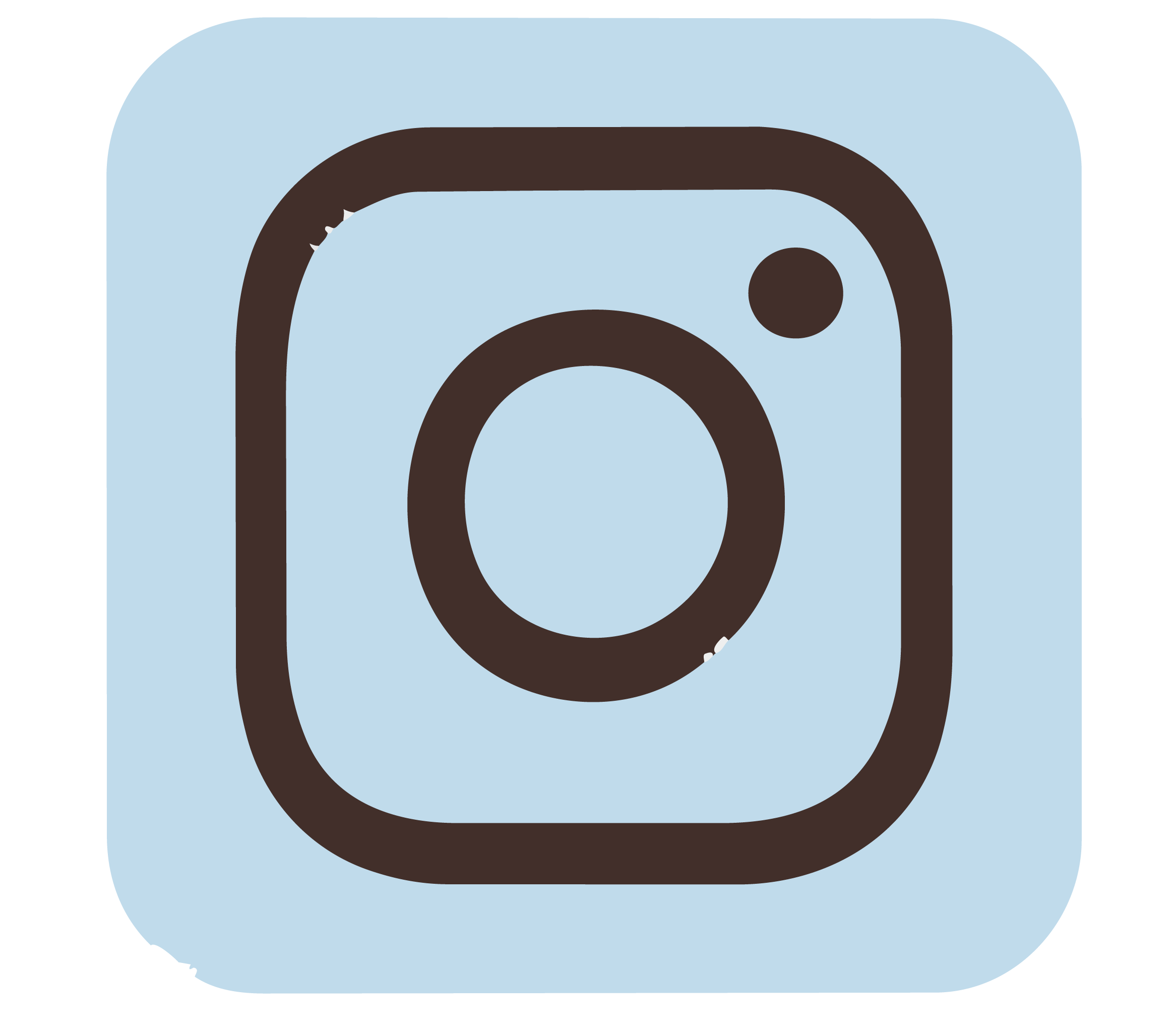 Instagram logo with a blue background and a stylized camera icon in brown.
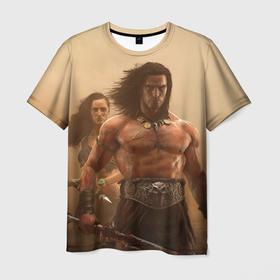 Мужская футболка 3D с принтом Conan Barbarian в Новосибирске, 100% полиэфир | прямой крой, круглый вырез горловины, длина до линии бедер | 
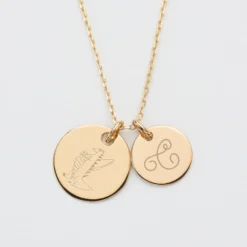 Outlet HappyBulle Pendentif personnalisé 2 médailles gravées plaqué or 19 mm et 15 mm Plaqué or 18k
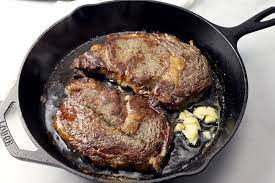 how to pan fry bone in ribeye steak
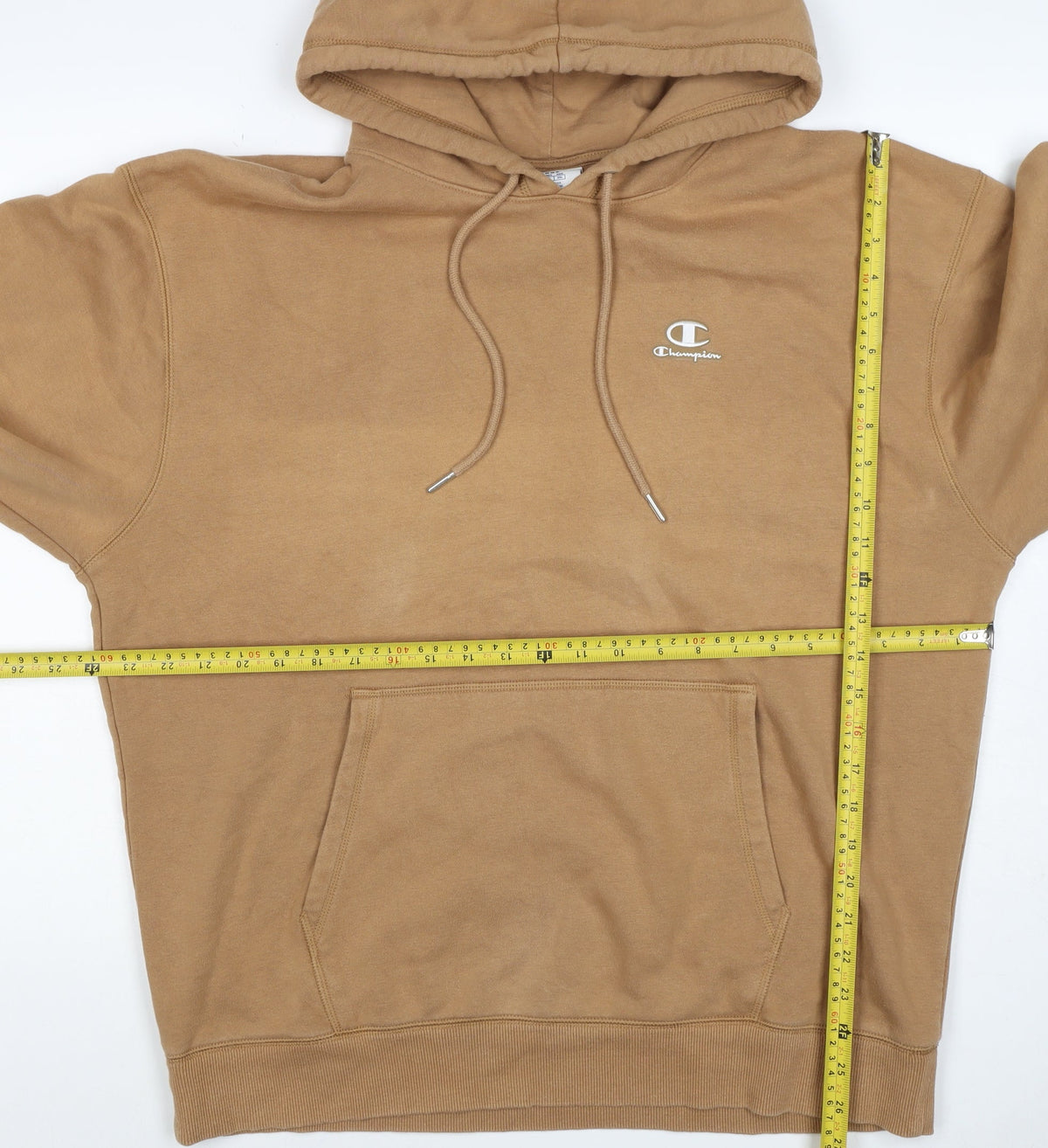 Champion Men’s Beige Large Logo Classic Fleece Pullover Hoodie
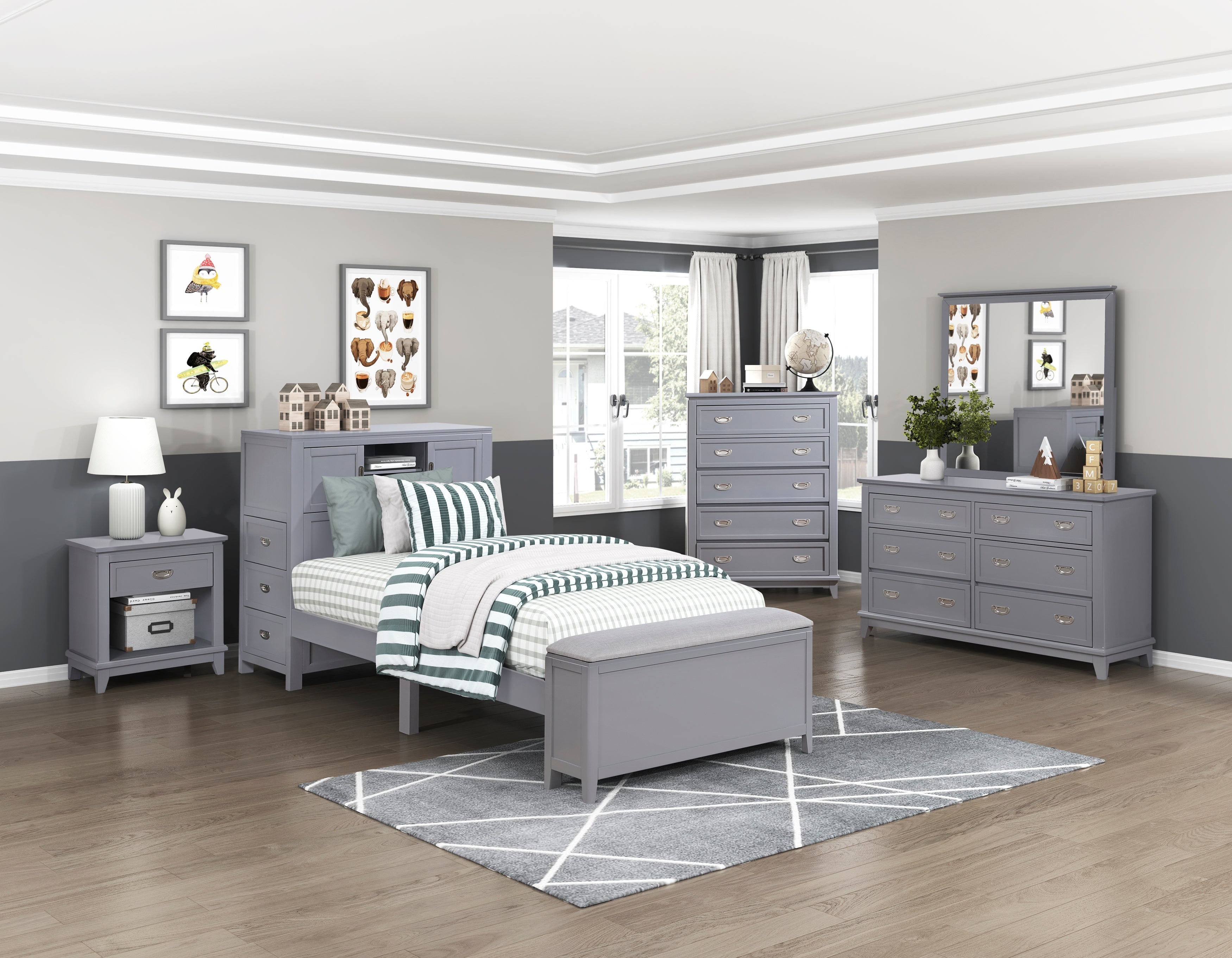 Sloane Grey Bedroom Collection, 77.5" W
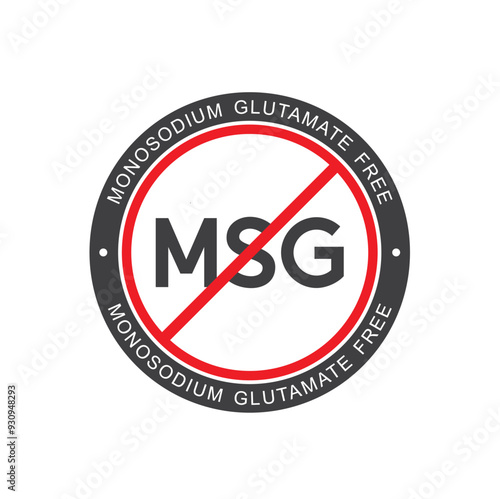 msg free symbol, no msg ingredients, vector art.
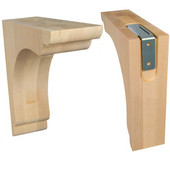 Wood Corbel Scalloped Overhang Bar Bracket Kit in Solid Unfinished Maple, 3'' W x 10'' D x 10'' H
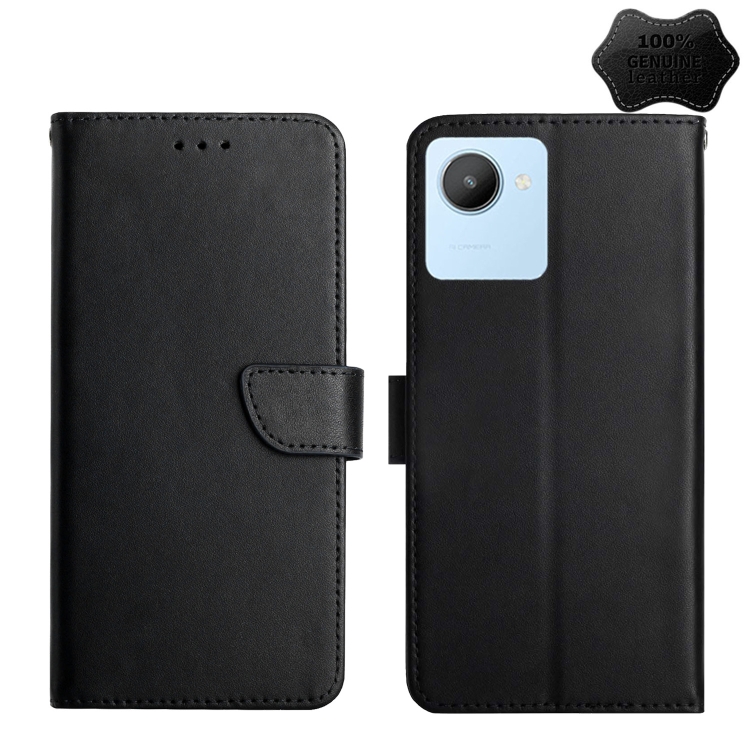 

For OPPO Realme C30 Genuine Leather Fingerprint-proof Flip Phone Case(Black)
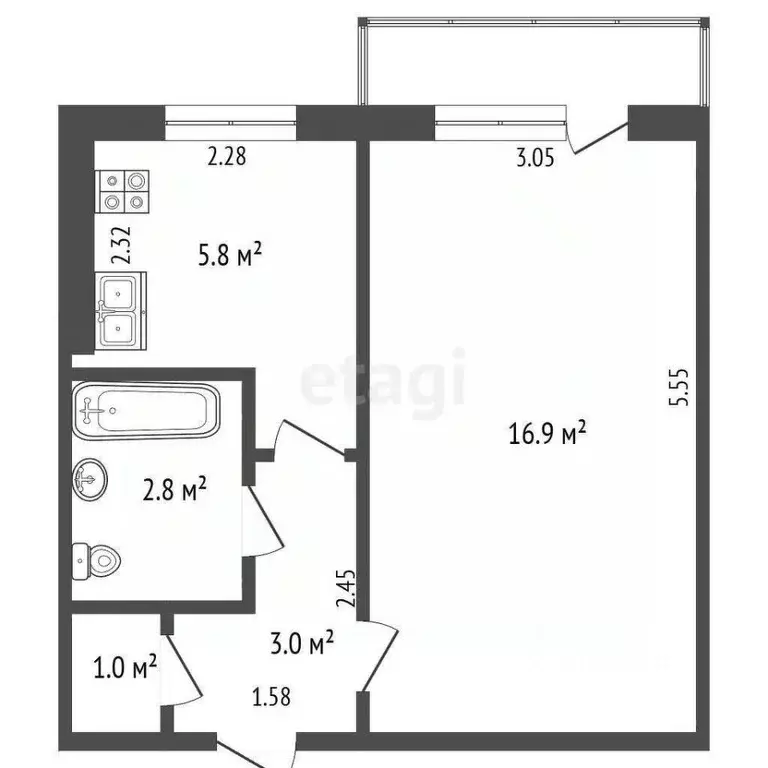 1-к кв. Архангельская область, Новодвинск Двинская ул., 36 (29.5 м) - Фото 2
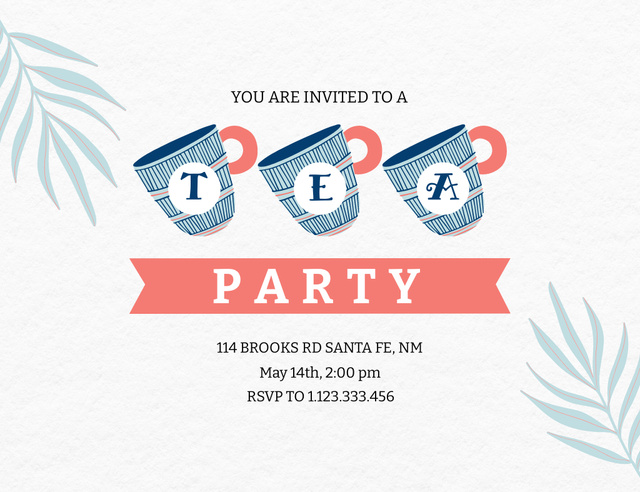 Announcement Of Tea Party With Painted Cups Invitation 13.9x10.7cm Horizontalデザインテンプレート
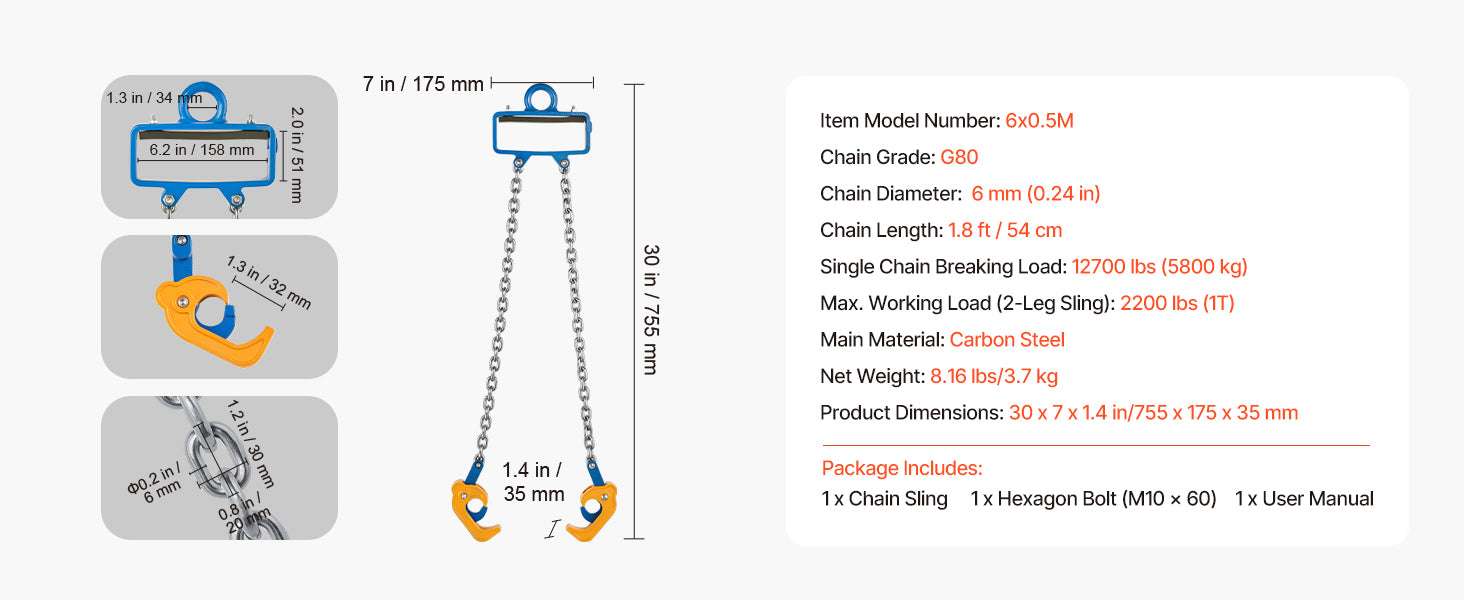 2200 lb Drum Lifting Chain Sling G80 with Security Hook - Image 17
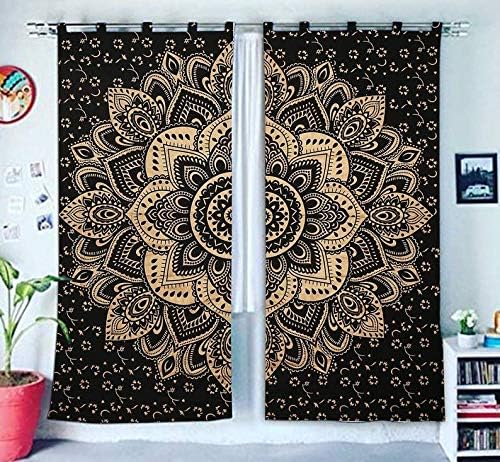 GANESHAM Indian Mandala Curtain Balcony Sheer Room Divider Living Room Bohemian Decor Light-Filtering Blackout Gypsy Door Curtain (Black & Gold)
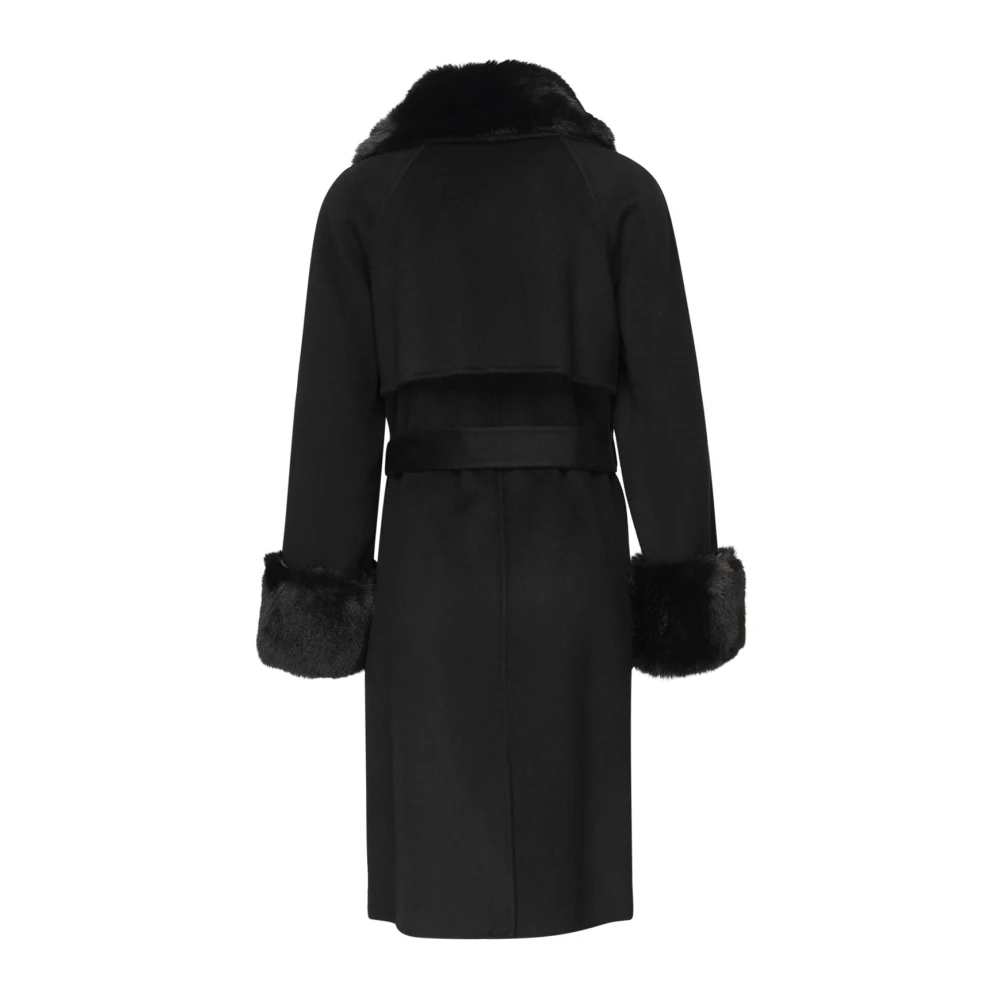 Guess Zwarte Nep Bont Geriemde Jas Black Dames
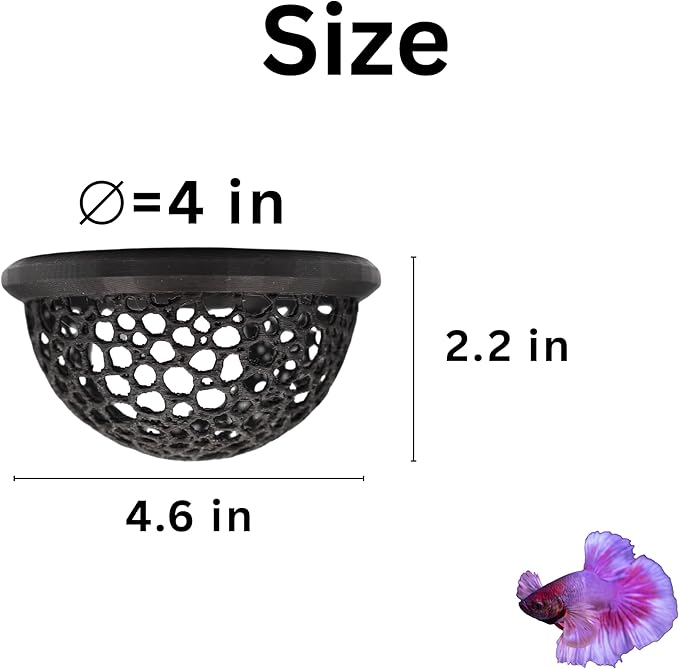 Floating Betta Fish Skins, Betta or Shrimp Feeder, Cave and Hammock, Small Fish Feeding Rings, Aquarium Hiding Feeding Decorative Accessories (Black)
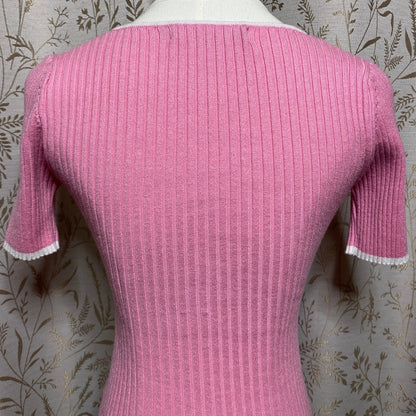 ZESICA Pink Ribbed Knit Sweater Top Small White Trim Short Sleeve Bodycon Preppy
┄┄┄┄┄┄
To do: Omitting the images, copy the listing exactly.

Finished exercise:
 Instagram logo with a blue background and a stylized camera icon in brown.
 Мужская футболка 3D с принтом Conan Barbarian в Новосибирске, 100% полиэфир | прямой крой, круглый вырез горловины, длина до линии бедер | 
 Outlet HappyBulle Pendentif personnalisé 2 médailles gravées plaqué or 19 mm et 15 mm Plaqué or 18k
 how to pan fry bone in ribeye steak
 Champion Men’s Beige Large Logo Classic Fleece Pullover Hoodie
 Sloane Grey Bedroom Collection, 77.5" W
 msg free symbol, no msg ingredients, vector art.
 Wood Corbel Scalloped Overhang Bar Bracket Kit in Solid Unfinished Maple, 3'' W x 10'' D x 10'' H

For OPPO Realme C30 Genuine Leather Fingerprint-proof Flip Phone Case(Black)
 1-к кв. Архангельская область, Новодвинск Двинская ул., 36 (29.5 м) - Фото 2
 Announcement Of Tea Party With Painted Cups Invitation 13.9x10.7cm Horizontalデザインテンプレート
 2200 lb Drum Lifting Chain Sling G80 with Security Hook - Image 17
 GANESHAM Indian Mandala Curtain Balcony Sheer Room Divider Living Room Bohemian Decor Light-Filtering Blackout Gypsy Door Curtain (Black & Gold)
 Guess Zwarte Nep Bont Geriemde Jas Black Dames
 Floating Betta Fish Skins, Betta or Shrimp Feeder, Cave and Hammock, Small Fish Feeding Rings, Aquarium Hiding Feeding Decorative Accessories (Black)
 ZESICA Pink Ribbed Knit Sweater Top Small White Trim Short Sleeve Bodycon Preppy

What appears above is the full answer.